Все документы темы  


Август Комстадиус. Осаждённый Севастополь в письмах убитого офицера. /1854-1855/

В 1890 году в петербургском журнале «Русская старина» Анна Карловна Дмитриева (урожд. Комстадиус) опубликовала письма своего брата Августа из осаждённого Севастополя.

Когда читаешь эти письма, невольно вспоминаешь «Войну и мир» и одного из её главных героев Николеньку Ростова, его влюблённость в царя, детскую искреннюю веру в Бога, нежную привязанность к родным, особенно к матери, к сёстрам. За всем этим стоит, действительно, русская старина, патриархальный уклад жизни, близость к земле, к природе. Гостеприимство и хлебосольство этих людей вошло в поговорки, а Отчизну любили, не задумываясь, без малейшего намёка на рефлексию. Отечество надо было защищать, и это была не простая обязанность, а долг чести. Понятие чести стояло очень высоко. Славными предками гордились, бесчестие было горем и катастрофой хуже, много хуже смерти. Честь рода, семьи хранили как зеницу ока. Честь Отчизны тоже. Всё это само собой разумелось, всё было естественно, всё это было нормой. (Отсюда-то и шёл отсчёт нарушения этой нормы — пошлости, вины, преступления.).

Вот фраза раненого Августа из письма к сёстрам 7 сентября 1855года (за неделю до смерти): «Сегодня пошло обо мне представление к золотой сабле. Ничего так не желал, как золотую саблю: это вполне военная награда и остаётся в семействе памятником прошлого».

Комстадиусы происходили из древнего шведского аристократического рода, они были лютеране, одно время жили в Польше. Дед Иосифа и Августа Фёдор (Фридрих) перешёл на русскую службу около1775 года и обосновался в Херсоне. Родоначальник этой семьи построил в Швеции город Комстат.

Всё семейство жило в деревне Дарьевка под Херсоном. Там родились и Август, и Иосиф, и Анна, готовившая к печати письма Августа и вышедшая замуж за Дмитриева, также раненного под Севастополем, и Мария, чей муж Лев Ергомышев прославился в Синопском бою и умер от ран, полученных при обороне Севастополя.

Отец их Карл Фёдорович Комстадиус служил в артиллерии, вышел в отставку в чине поручика, жил в своём имении, в 1820-35 годах был предводителем дворянства.
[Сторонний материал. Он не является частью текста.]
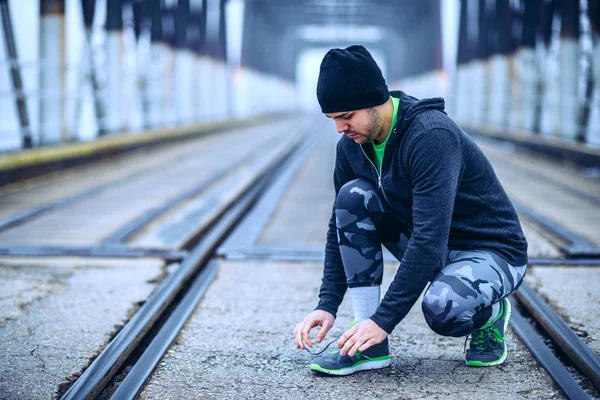 Junger Mann Schnürt Turnschuhe Auf Der Brücke — Stockfoto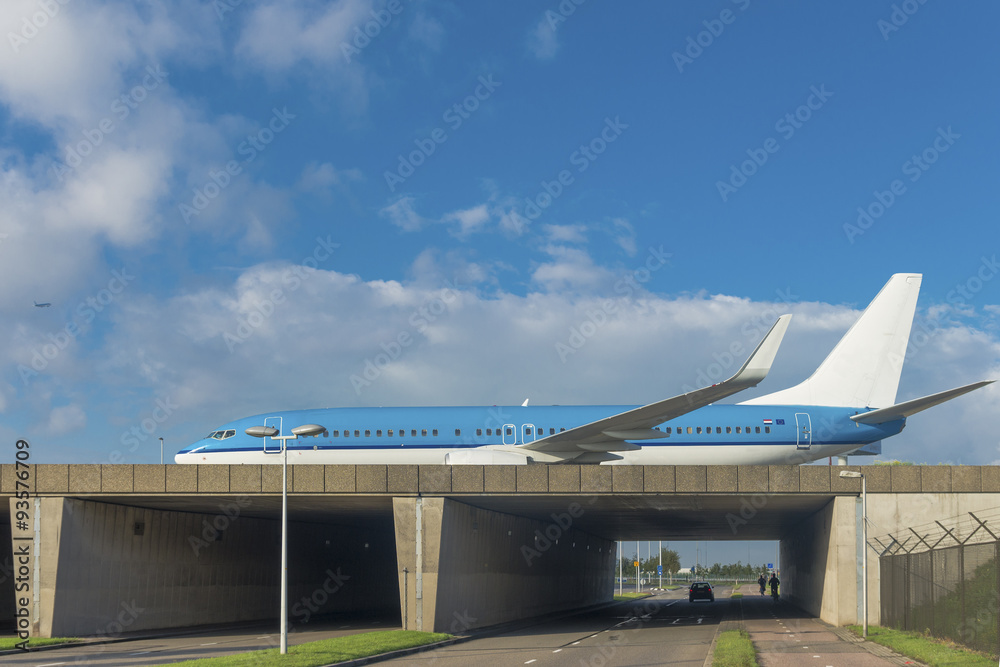 airplane over highway airplane over highway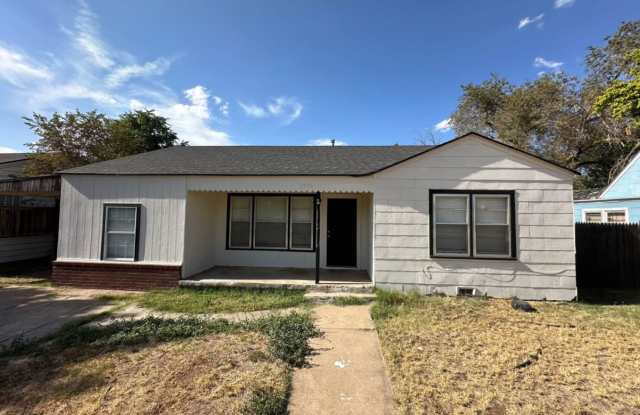 Cute 4 bedroom, 2 bath home with a carport and a big back yard! photos photos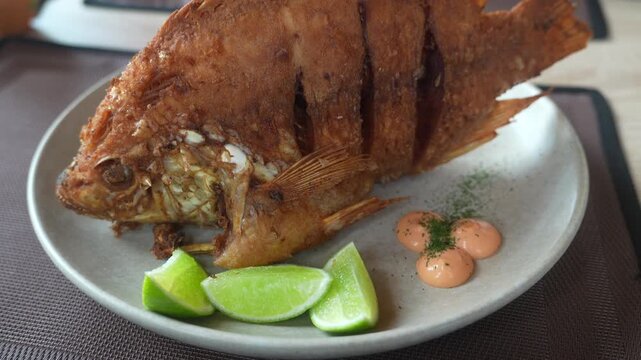 Close-up of a crispy whole fried mojarra fish plate with lime wedges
Умер он в 1842 году, задолго до Крымской войны.

Мать Комстадиусов, Анна Львовна, была урождённая Альбрант. Её отец, французский эмигрант, лютеранин, принял русское подданство в 1812 году, в течение 18 лет избирался городской головой Херсона и получил русское дворянство в 1820 году. Её брат, генерал Лев Альбрант (о храбрости которого ходили легенды), был одним из героев Кавказа.
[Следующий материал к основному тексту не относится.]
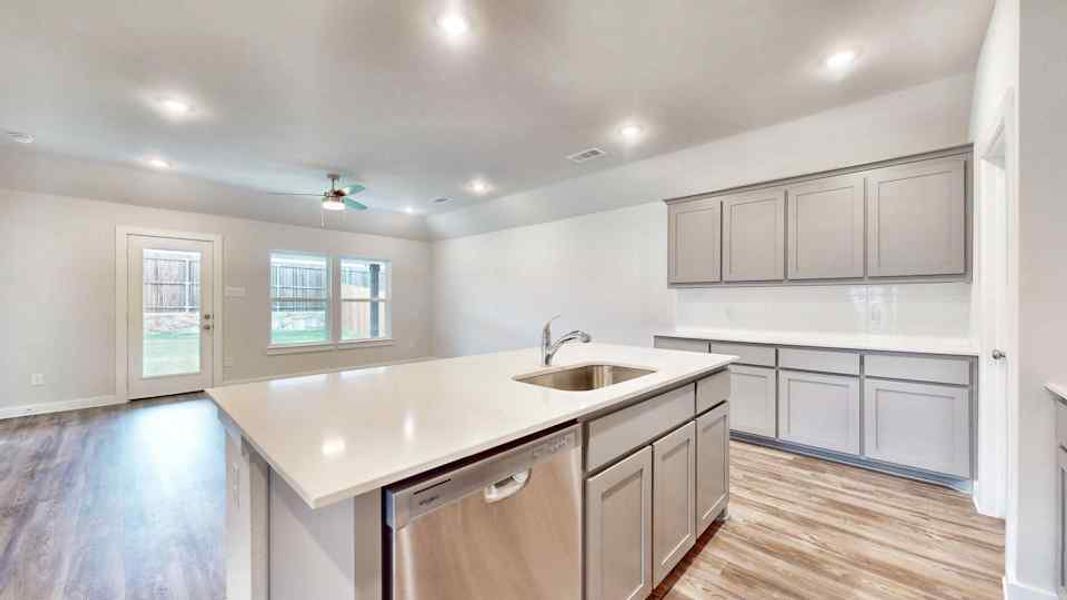 quartz counters with cool cabinets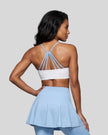 Woman wearing TrackLine Synergy Strappy Sports Bra in White with Sky Blue, mid-body back view showing multi-strap detail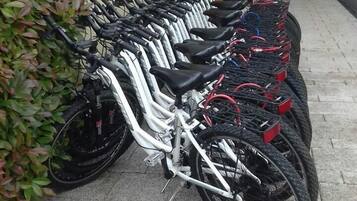 A row of bicycles parked outside a building with a door and a small window.
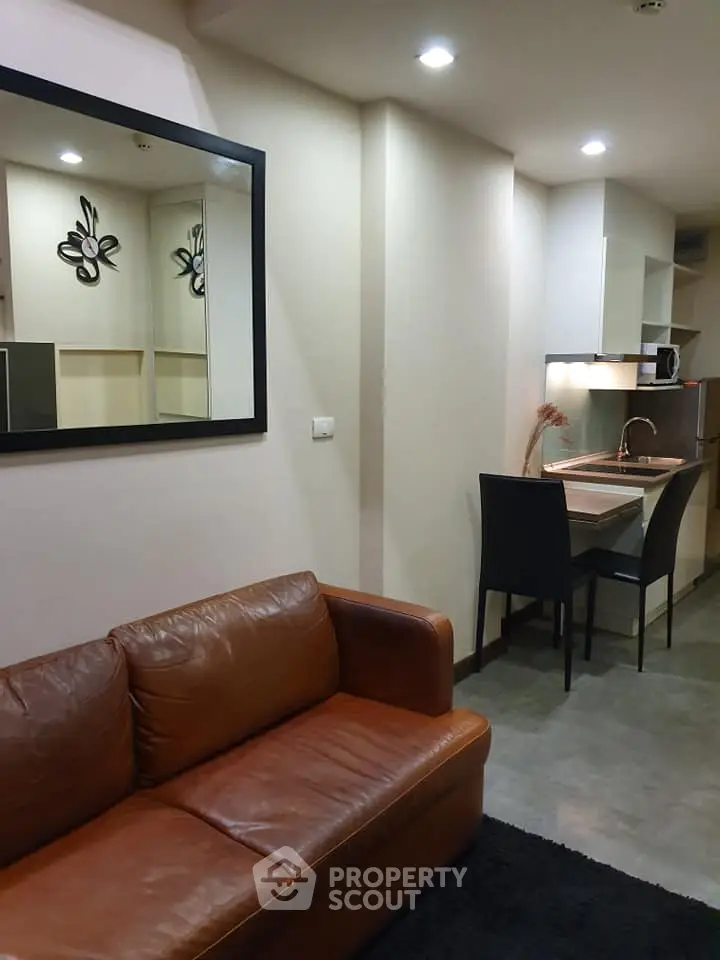 Modern living room with leather sofa and compact kitchen area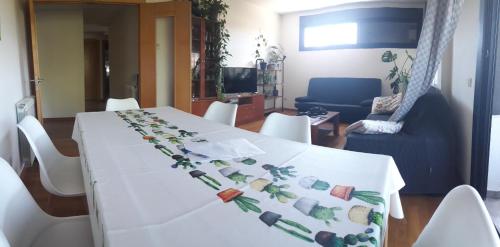 a table with a white table cloth with vegetables on it at El Descanso in Aínsa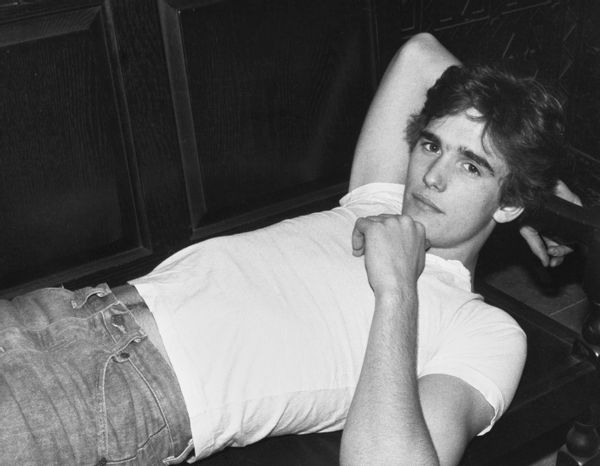 American actor Matt Dillon, wearing a white cap-sleeved t-shirt and jeans, reclining on a wooden seat, United States, circa 1983. (Photo by Vinnie Zuffante/Getty Images)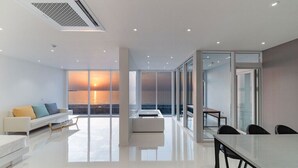 A modern living room with a sofa, a dining table, and a view of the sunset through large windows. - Daytona Pool Villa (Pohang)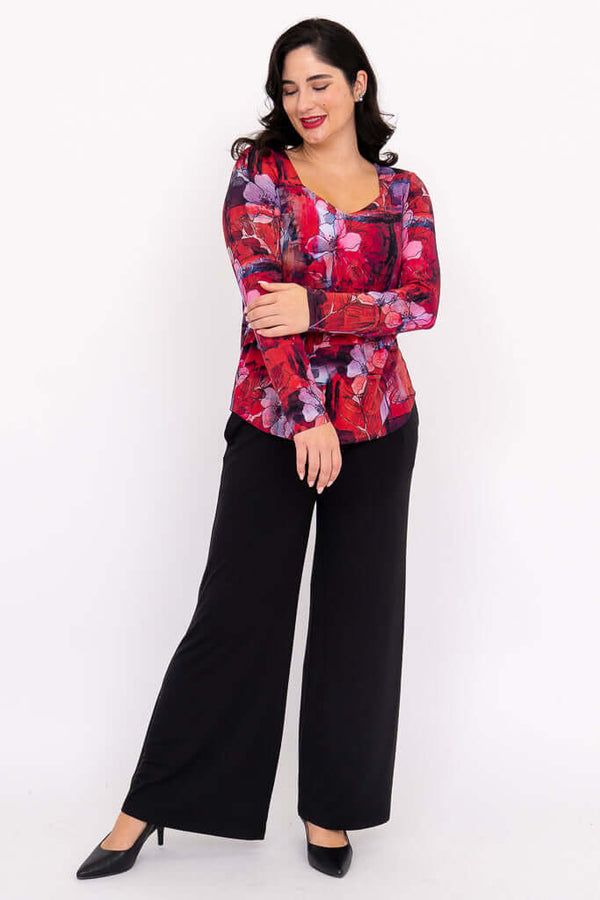 Woman wearing the red floral sweetheart top with arm folded, full body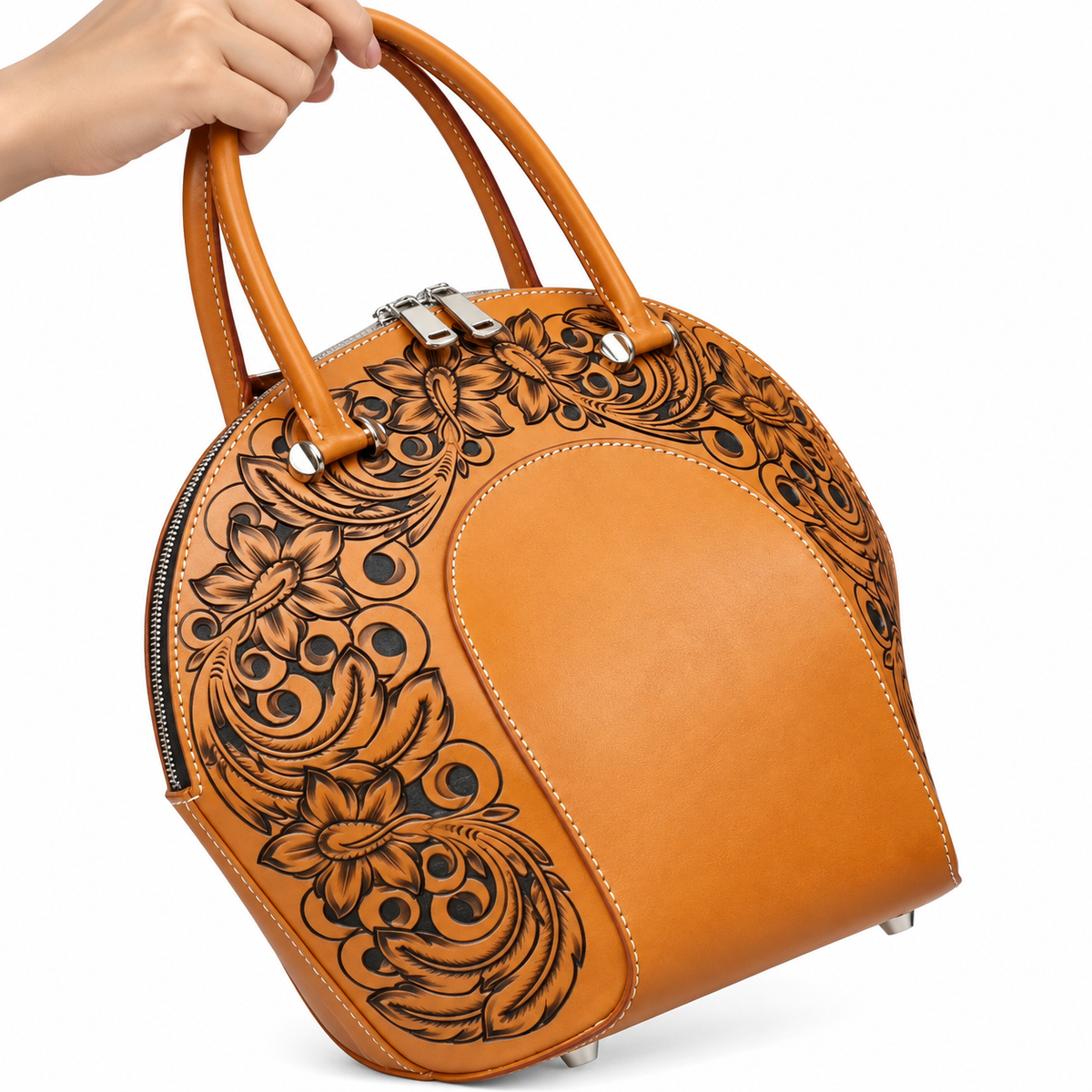 A hand holds the top handle of a tan leather dome-shaped handbag with black floral tooling on the sides, shown against a plain white background.
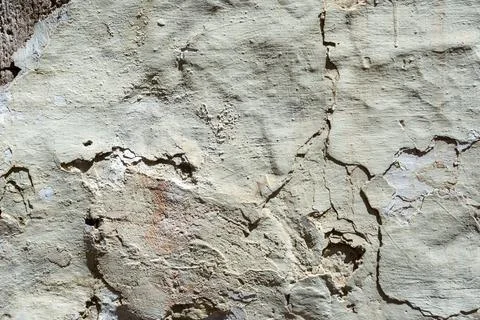 Grey rough cracked plaster wall abstract background. Stock Photos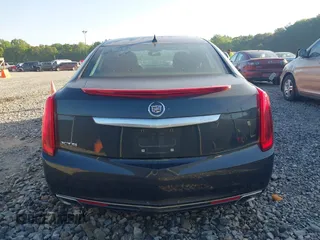 2013 Cadillac XTS Luxury with VIN 2G61P5S3XD9141306, listed as a IAAI auction lot 42034077 with 120,294 mi miles. Bid and sale history available at carsss.com. Image 16.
Из короткой биографии Августа Карловича, предваряющей письма, можно представить, как жили в те далёкие времена в России выходцы из других стран, семьи с глубокими аристократическими корнями. Август родился в 1826 году, и после окончания херсонской гимназии, в возрасте 14-15 лет начинает самостоятельную жизнь простым матросом в городе Николаеве. В этом возрасте гардемарином (самый низший матросский чин) он уже плавает в Чёрном море на фрегате «Адриаполь». А в 16 лет его к тому же переводят в балтийский флот, далеко от дома. Что такое работа матроса на парусном корабле, мы вполне можем себе представить, а ведь Август в то время был по нашим представлениям совсем ещё ребёнком. Он служит в Кронштадте, плавает по всему Балтийскому морю, и только через 7 лет в звании мичмана возвращается в черноморский флот. Здесь он крейсировал на корвете «Андромаха» у берегов Кавказа; последним кораблём был для него «Уриил». Очень краткая биография, из которой даже не ясно, когда он стал лейтенантом.
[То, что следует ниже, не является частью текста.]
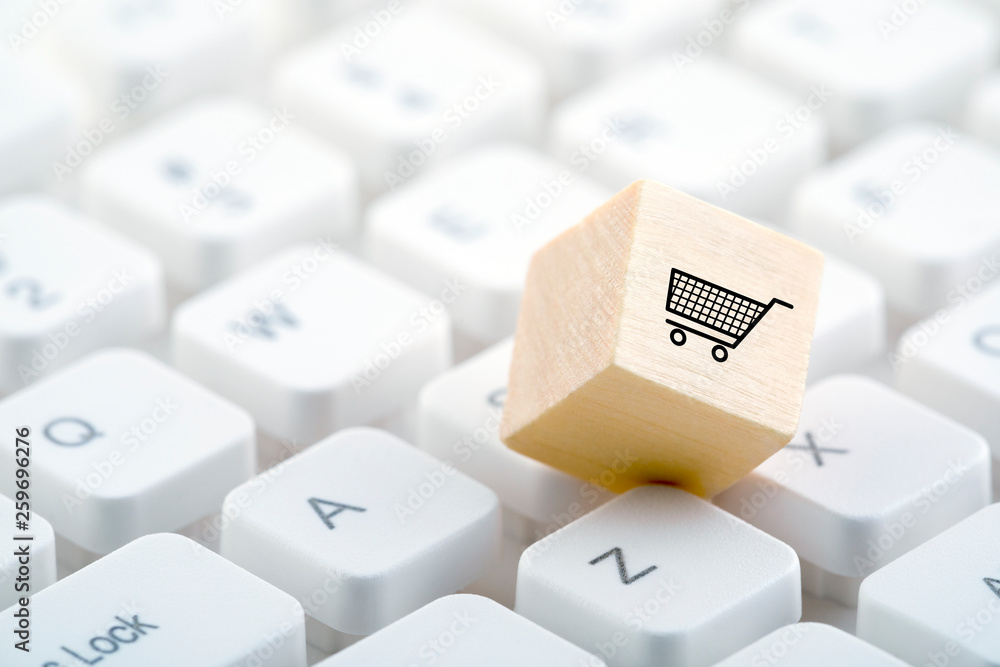 Poster wooden block with shopping cart graphic on computer keyboard. online shopping concept.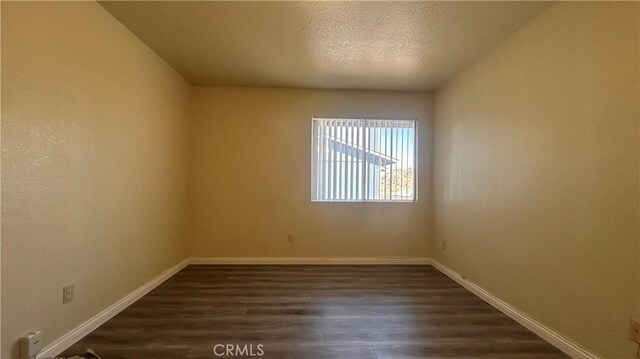 20211 Carlisle Rd, Apple Valley, CA 92307 - empty room featuring dark wood-style flooring, baseboards, and a textured ceiling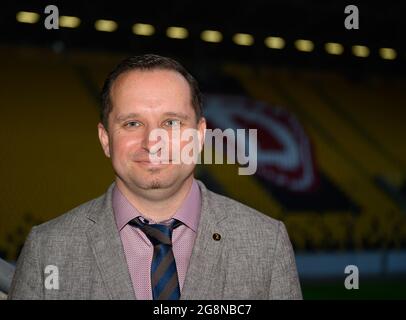 Dresden, Germany. 21st July, 2021. Football: 2nd Bundesliga, SG Dynamo Dresden members' meeting, at Rudolf Harbig Stadium. Dynamo's vice president Ronny Rehn stands by his election in the stands. Credit: Robert Michael/dpa-Zentralbild/dpa - IMPORTANT NOTE: In accordance with the regulations of the DFL Deutsche Fußball Liga and/or the DFB Deutscher Fußball-Bund, it is prohibited to use or have used photographs taken in the stadium and/or of the match in the form of sequence pictures and/or video-like photo series./dpa/Alamy Live News Stock Photo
И ещё одного я не знаю, а как бы хотела узнать! Родители Августа (отец — швед, мать — француженка) были лютеранами по происхождению, а письма его раскрывают нам глубоко верующего православного человека. Когда, на каком этапе в быт этой семьи вошло православие? Ведь принятие русского подданства не было сопряжено с обязательным принятием православной веры.

Перехожу к его письмам.

Август неоднократно, с большим уважением упоминает в них мужа своей старшей сестры Льва Андреевича Ергомышева, в первом же письме от 3 декабря 1853 года он пишет:

«Севастополь ещё не пришел в себя после Синопской победы; всё ещё не веришь, чтобы можно было так блистательно и в то же время благополучно выйти из такого жаркого дела, в каком был наш флот (…) Правда, корабли были сильно повреждены, и вот как выразился Ергомышев (командир корабля «Великий Князь Константин») в своём представлении к Нахимову:»Победив неприятеля, нам предстояло ещё победить большое затруднение: поставить избитые корабли (…) в короткое время в такое положение, чтобы они могли переплыть всё Чёрное море в эту бурную пору; но Бог помог нам; попутный ветер самым благополучным образом довёл обезмачтовые коробли до Севастополя. Видно, наше дело правое, и, вынужденный воевать, государь с полной душевной верой заставил всю Россию повторить за ним молитву «Господи, на Тя уповахом, да не посрамимся во веки».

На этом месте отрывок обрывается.